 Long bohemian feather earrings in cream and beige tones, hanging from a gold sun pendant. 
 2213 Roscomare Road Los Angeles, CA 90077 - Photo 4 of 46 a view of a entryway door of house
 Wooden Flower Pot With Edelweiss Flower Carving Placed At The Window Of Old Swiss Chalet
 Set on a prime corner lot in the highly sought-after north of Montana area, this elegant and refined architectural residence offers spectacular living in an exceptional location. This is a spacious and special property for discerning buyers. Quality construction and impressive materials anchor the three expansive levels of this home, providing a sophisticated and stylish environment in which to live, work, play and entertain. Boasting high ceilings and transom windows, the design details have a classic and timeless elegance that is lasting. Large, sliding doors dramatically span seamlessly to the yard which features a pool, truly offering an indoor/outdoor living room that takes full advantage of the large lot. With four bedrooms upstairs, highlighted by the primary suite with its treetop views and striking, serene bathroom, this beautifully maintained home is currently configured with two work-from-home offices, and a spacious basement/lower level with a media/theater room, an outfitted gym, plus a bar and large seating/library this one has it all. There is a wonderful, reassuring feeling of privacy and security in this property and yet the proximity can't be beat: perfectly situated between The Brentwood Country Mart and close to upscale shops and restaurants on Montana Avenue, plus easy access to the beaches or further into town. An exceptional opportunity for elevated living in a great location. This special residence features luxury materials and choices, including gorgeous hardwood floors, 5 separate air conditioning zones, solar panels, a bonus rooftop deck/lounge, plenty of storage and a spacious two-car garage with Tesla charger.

********************

Exercise directions
In the answer, every line above should be retyped exactly.

Result of the exercise
 Long bohemian feather earrings in cream and beige tones, hanging from a gold sun pendant. 
 2213 Roscomare Road Los Angeles, CA 90077 - Photo 4 of 46 a view of a entryway door of house
 Wooden Flower Pot With Edelweiss Flower Carving Placed At The Window Of Old Swiss Chalet
 Set on a prime corner lot in the highly sought-after north of Montana area, this elegant and refined architectural residence offers spectacular living in an exceptional location. This is a spacious and special property for discerning buyers. Quality construction and impressive materials anchor the three expansive levels of this home, providing a sophisticated and stylish environment in which to live, work, play and entertain. Boasting high ceilings and transom windows, the design details have a classic and timeless elegance that is lasting. Large, sliding doors dramatically span seamlessly to the yard which features a pool, truly offering an indoor/outdoor living room that takes full advantage of the large lot. With four bedrooms upstairs, highlighted by the primary suite with its treetop views and striking, serene bathroom, this beautifully maintained home is currently configured with two work-from-home offices, and a spacious basement/lower level with a media/theater room, an outfitted gym, plus a bar and large seating/library this one has it all. There is a wonderful, reassuring feeling of privacy and security in this property and yet the proximity can't be beat: perfectly situated between The Brentwood Country Mart and close to upscale shops and restaurants on Montana Avenue, plus easy access to the beaches or further into town. An exceptional opportunity for elevated living in a great location. This special residence features luxury materials and choices, including gorgeous hardwood floors, 5 separate air conditioning zones, solar panels, a bonus rooftop deck/lounge, plenty of storage and a spacious two-car garage with Tesla charger.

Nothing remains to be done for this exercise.